Oggi come oggi femminismo può voler dire tante cose, Del Grandi ne è consapevole. Alle spalle anche un periodo vissuto in Nepal cercando di dare visibilità ad artisti da ogni parte del mondo con l’iniziativa Sofar Sounds Kathmandu e l’agenzia WASP – We All Should Play, la songwriter confida di non aver dato peso al tema della rappresentanza femminile nella musica «finché ho cominciato a sentir dire cose tipo “sembra che adesso possano suonare solo le donne”. Innanzitutto non è vero, in secondo luogo commenti di quel livello mi hanno messo davanti agli occhi quanto siamo ancora arretrati sotto questo profilo nella nostra società».

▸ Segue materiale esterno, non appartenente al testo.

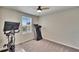 Exercise room featuring a treadmill, stationary bike, ceiling fan, and a window for natural light at 12818 Crested Iris Way, Riverview, FL 33579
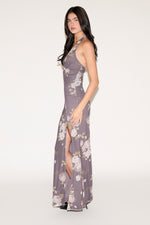 Woman wearing a floral dress on a white background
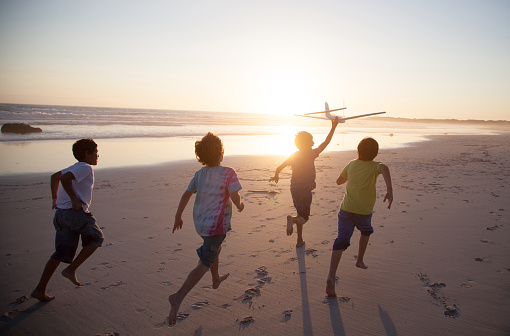 boys-running-beach-toy-plane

«C’è da dire che in passato avevo già trattato l’argomento senza pensarci troppo: nel primo disco, quello firmato Marta Rosa, c’è una traccia, I Don’t Wanna Marry, che non è una canzone per dire che non mi voglio sposare, tant’è che mi sono pure sposata, ma è un brano che si rifà alla vicenda dell’artista Pippa Bacca, vicenda che mi aveva scossa non solo per il dramma in sé, ma proprio per com’era stata riportata sui media, con molti che sostenevano che se era stata stuprata e assassinata era perché se l’era andata a cercare. Ma anche Amethyst, da Until We Fossilize, è una canzone che trae spunto dalla mitologia greca per narrare la storia di una ninfa che, pur di sfuggire a un destino che pare inevitabile e che la vorrebbe cedere alle sgradite avance del dio Dioniso, si fa trasformare in una pietra. Mi rendo conto che esporsi su certe istanze non è facile, ogni volta la velocità di comunicazione in cui siamo immersi può generare fraintendimenti ed effetti domino devastanti, ma è essenziale non smettere: le disuguaglianze di genere vanno superate».